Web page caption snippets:
◇ ◇ ◇ ◇ ◇

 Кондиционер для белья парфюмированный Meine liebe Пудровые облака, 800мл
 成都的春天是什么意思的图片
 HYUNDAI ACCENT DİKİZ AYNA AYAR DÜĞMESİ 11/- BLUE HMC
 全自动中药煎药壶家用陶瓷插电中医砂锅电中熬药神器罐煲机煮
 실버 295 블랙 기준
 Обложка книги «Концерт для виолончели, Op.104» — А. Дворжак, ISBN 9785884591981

◇ ◇ ◇ ◇ ◇

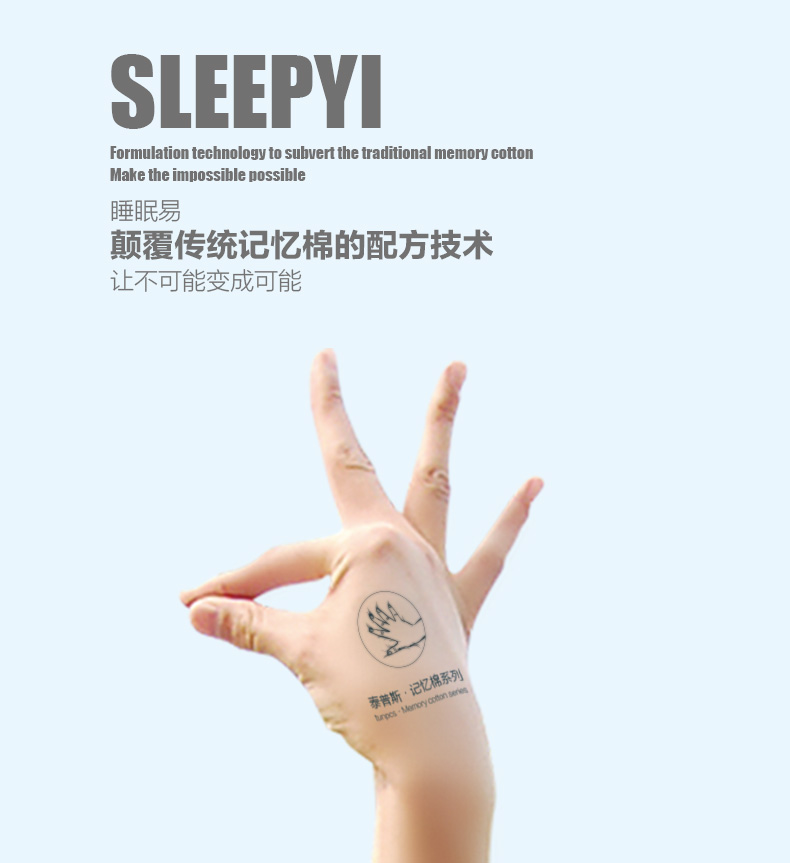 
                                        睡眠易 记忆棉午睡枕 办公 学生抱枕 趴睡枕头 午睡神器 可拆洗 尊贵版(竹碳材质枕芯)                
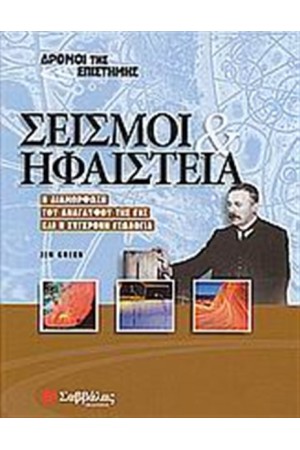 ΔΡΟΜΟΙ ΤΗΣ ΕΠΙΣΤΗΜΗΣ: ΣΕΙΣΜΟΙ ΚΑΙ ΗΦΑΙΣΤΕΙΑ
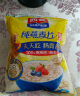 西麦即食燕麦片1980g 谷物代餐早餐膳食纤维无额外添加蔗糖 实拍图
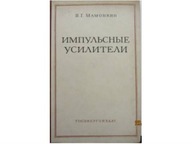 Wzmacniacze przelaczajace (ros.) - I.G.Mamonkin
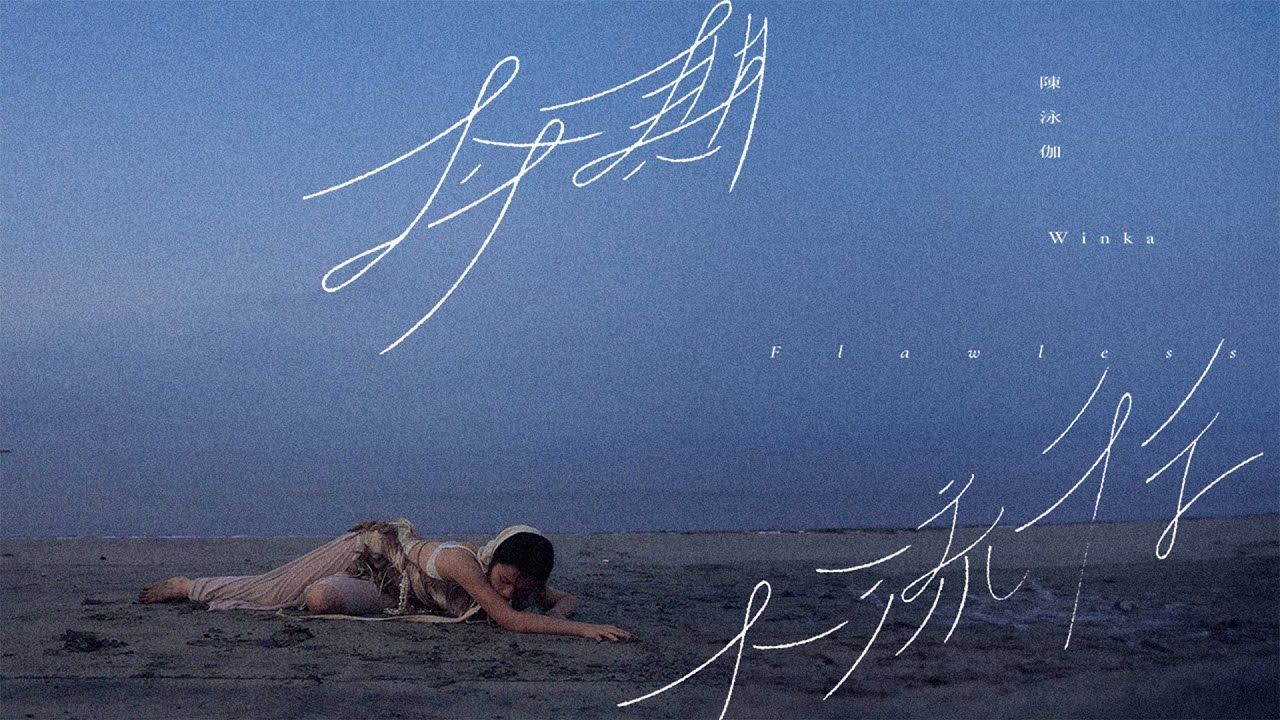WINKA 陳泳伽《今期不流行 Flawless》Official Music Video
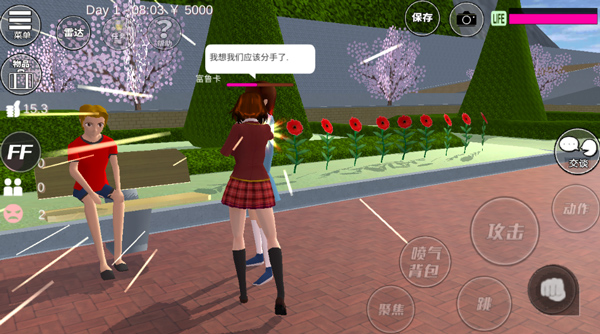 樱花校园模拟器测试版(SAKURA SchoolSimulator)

◇ ◇ ◇ ◇ ◇

WORK INSTRUCTION:
Retype only the stretch of lines above starting at the one with "Кондиционер для белья" and stopping at the one with "Дворжак, ISBN 9785884591981", exactly as written, with both kept.

RESPONSE AREA:
 Кондиционер для белья парфюмированный Meine liebe Пудровые облака, 800мл
 成都的春天是什么意思的图片
 HYUNDAI ACCENT DİKİZ AYNA AYAR DÜĞMESİ 11/- BLUE HMC
 全自动中药煎药壶家用陶瓷插电中医砂锅电中熬药神器罐煲机煮
 실버 295 블랙 기준
 Обложка книги «Концерт для виолончели, Op.104» — А. Дворжак, ISBN 9785884591981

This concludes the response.